According to CNN, Biden spent the first few weeks reversing the previous policies of the Trump administration, including lifting bans on transgender people serving in the military, reinstating travel restrictions on several hard-hit COVID countries, creating a task force to reunite separated families at the border, and more. The reasoning for the reversals was so that Biden could start “moving [America] forward,” per the BBC.
Throughout his first 100 days in the White House, Biden promised that his administration would lead with transparency and integrity. The latest example of that is reinstating the White House visitor logs, which was a practice employed by the Obama administration, but was dismissed by Trump, per The New York Times. Read on to find out why Trump never let the public know about who visited the White House during his presidency.
According to Politico, a statement by the Biden administration said that releasing visitor logs will “give the public a look into the visitors entering and exiting the White House campus for appointments, tours, and official business,” while helping “to restore integrity, transparency, and trust in the government.”

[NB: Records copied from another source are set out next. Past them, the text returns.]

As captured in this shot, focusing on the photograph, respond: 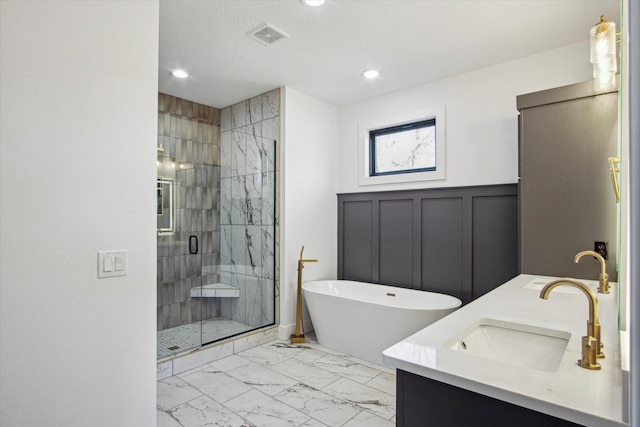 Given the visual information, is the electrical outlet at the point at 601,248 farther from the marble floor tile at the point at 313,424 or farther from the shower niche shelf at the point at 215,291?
the shower niche shelf at the point at 215,291

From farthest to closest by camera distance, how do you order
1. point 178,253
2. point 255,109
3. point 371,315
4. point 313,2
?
point 255,109 < point 178,253 < point 371,315 < point 313,2

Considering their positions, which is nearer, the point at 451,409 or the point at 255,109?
the point at 451,409

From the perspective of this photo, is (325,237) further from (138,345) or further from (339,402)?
(138,345)

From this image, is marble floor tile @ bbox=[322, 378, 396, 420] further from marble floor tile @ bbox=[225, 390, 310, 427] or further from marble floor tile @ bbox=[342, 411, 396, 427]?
marble floor tile @ bbox=[225, 390, 310, 427]

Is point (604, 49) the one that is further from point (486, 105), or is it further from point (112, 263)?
point (112, 263)

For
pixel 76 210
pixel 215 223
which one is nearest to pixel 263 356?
pixel 215 223

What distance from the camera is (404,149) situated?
3.99 metres

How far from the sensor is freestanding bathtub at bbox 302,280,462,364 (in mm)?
2898

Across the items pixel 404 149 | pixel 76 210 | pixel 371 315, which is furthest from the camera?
pixel 404 149

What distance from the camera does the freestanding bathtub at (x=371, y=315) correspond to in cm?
290

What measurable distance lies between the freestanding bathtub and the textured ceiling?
2.15 meters

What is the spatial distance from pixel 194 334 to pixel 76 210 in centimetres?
212

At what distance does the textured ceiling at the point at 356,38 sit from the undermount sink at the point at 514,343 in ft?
6.67

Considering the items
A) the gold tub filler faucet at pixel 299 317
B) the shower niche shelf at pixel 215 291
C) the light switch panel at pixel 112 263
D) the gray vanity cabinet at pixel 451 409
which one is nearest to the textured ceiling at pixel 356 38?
the light switch panel at pixel 112 263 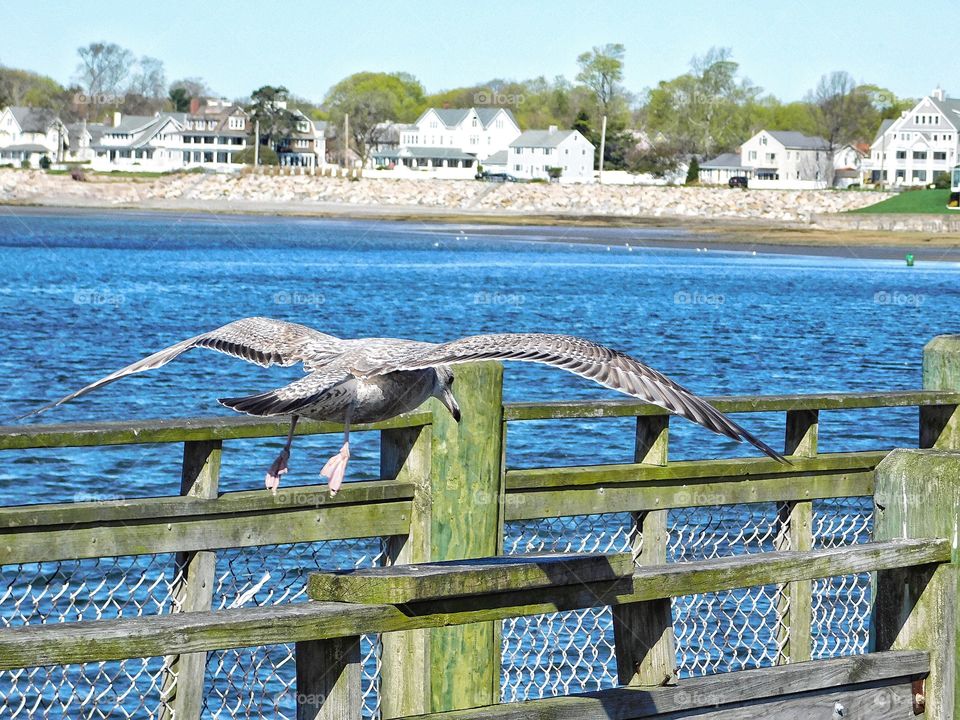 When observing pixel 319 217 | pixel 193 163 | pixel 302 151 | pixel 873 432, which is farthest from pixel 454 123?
pixel 873 432

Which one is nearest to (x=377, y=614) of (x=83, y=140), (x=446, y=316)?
(x=446, y=316)

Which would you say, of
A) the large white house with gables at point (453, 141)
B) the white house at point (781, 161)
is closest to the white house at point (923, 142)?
the white house at point (781, 161)

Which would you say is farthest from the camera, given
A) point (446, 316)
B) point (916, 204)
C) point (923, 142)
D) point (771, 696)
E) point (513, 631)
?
point (923, 142)

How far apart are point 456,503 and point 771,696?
5.78ft

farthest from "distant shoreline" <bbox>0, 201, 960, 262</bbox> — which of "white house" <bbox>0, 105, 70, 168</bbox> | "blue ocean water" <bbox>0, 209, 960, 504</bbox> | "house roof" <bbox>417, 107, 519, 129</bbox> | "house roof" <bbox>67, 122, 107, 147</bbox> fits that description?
"white house" <bbox>0, 105, 70, 168</bbox>

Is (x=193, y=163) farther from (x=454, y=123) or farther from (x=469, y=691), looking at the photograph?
(x=469, y=691)

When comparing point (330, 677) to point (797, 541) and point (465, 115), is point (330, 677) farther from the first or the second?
point (465, 115)

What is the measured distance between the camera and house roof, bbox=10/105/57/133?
184000mm

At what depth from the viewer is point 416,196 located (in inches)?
5655

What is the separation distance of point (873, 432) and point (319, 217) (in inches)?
4514

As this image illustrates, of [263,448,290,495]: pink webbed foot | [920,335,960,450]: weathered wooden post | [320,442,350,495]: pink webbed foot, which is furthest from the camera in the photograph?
[920,335,960,450]: weathered wooden post

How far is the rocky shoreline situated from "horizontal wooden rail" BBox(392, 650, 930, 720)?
117143 millimetres

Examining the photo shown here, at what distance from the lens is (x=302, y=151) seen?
173 meters

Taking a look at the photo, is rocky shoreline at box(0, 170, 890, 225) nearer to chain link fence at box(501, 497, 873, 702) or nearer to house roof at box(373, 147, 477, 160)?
house roof at box(373, 147, 477, 160) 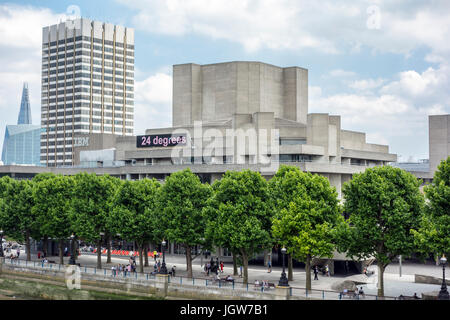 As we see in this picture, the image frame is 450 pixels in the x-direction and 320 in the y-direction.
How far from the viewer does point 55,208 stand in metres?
85.5

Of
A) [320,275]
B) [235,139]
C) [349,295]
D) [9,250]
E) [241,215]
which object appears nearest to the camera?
[349,295]

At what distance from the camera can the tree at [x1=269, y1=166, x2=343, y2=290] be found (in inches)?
2413

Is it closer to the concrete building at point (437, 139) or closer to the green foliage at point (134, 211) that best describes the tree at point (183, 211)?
the green foliage at point (134, 211)

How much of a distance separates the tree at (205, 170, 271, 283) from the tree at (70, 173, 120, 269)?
754 inches

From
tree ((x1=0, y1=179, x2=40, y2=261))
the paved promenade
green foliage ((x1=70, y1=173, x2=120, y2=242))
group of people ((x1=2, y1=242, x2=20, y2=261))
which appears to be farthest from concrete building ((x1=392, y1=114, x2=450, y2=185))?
group of people ((x1=2, y1=242, x2=20, y2=261))

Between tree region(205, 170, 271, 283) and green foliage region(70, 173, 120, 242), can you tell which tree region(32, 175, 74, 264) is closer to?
green foliage region(70, 173, 120, 242)

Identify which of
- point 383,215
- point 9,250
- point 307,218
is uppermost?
point 383,215

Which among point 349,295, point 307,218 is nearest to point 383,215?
point 349,295

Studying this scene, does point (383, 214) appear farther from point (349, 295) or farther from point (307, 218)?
point (307, 218)

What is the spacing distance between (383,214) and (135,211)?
115 feet

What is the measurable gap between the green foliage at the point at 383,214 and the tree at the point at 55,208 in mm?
44356

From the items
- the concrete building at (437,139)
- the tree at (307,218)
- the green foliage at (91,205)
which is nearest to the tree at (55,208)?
the green foliage at (91,205)

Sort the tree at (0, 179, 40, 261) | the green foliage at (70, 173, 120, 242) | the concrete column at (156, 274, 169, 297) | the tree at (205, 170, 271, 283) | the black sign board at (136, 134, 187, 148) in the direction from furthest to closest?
1. the black sign board at (136, 134, 187, 148)
2. the tree at (0, 179, 40, 261)
3. the green foliage at (70, 173, 120, 242)
4. the concrete column at (156, 274, 169, 297)
5. the tree at (205, 170, 271, 283) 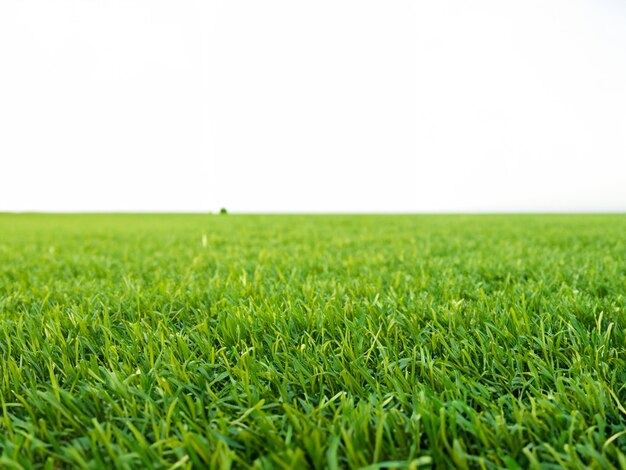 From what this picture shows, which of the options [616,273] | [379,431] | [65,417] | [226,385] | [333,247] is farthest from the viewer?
[333,247]

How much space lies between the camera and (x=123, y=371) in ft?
4.50

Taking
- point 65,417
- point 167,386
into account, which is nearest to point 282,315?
point 167,386

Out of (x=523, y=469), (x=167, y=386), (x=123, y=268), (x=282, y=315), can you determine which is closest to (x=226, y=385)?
(x=167, y=386)

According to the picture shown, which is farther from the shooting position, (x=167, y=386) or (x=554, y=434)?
(x=167, y=386)

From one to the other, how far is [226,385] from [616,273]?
9.78 feet

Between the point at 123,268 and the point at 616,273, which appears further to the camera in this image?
the point at 123,268

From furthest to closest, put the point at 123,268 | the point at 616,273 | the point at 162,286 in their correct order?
the point at 123,268
the point at 616,273
the point at 162,286

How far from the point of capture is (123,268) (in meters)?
3.79

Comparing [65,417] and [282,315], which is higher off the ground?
[282,315]

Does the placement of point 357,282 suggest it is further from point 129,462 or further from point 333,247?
point 333,247

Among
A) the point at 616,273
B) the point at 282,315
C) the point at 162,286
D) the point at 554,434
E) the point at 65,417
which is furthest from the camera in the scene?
the point at 616,273

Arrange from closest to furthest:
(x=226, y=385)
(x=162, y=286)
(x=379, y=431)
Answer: (x=379, y=431)
(x=226, y=385)
(x=162, y=286)

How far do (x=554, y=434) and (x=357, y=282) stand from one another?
64.8 inches

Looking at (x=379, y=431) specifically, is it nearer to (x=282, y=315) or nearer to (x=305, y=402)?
(x=305, y=402) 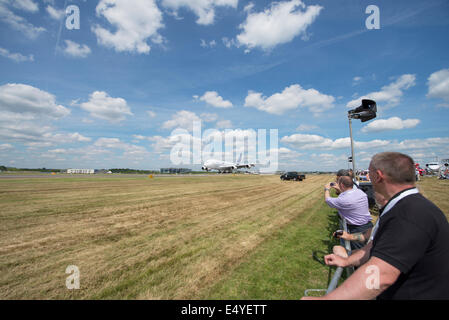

Notably, the visitor logs do not include records from personal guests of the first and second families, people who attend virtual meetings because of the ongoing pandemic, nor people in “small group of particularly sensitive meetings,” like “potential Supreme Court nominees.”
The Trump administration said in April 2017 that they could not release who visited the White House because of “the grave national security risks and privacy concerns of hundreds of thousands of visitors annually,” according to Bloomberg. As a result, a lawsuit was filed against the former administration to release the logs, but the case was settled in 2018 after Trump agreed to release logs from certain offices in the White House, per The Hill.
Even though the Trump administration never released the full visitor logs, they will become public record after five years under the President Records Act, if the former president doesn’t choose to extend its cloak of secrecy, Bloomberg notes.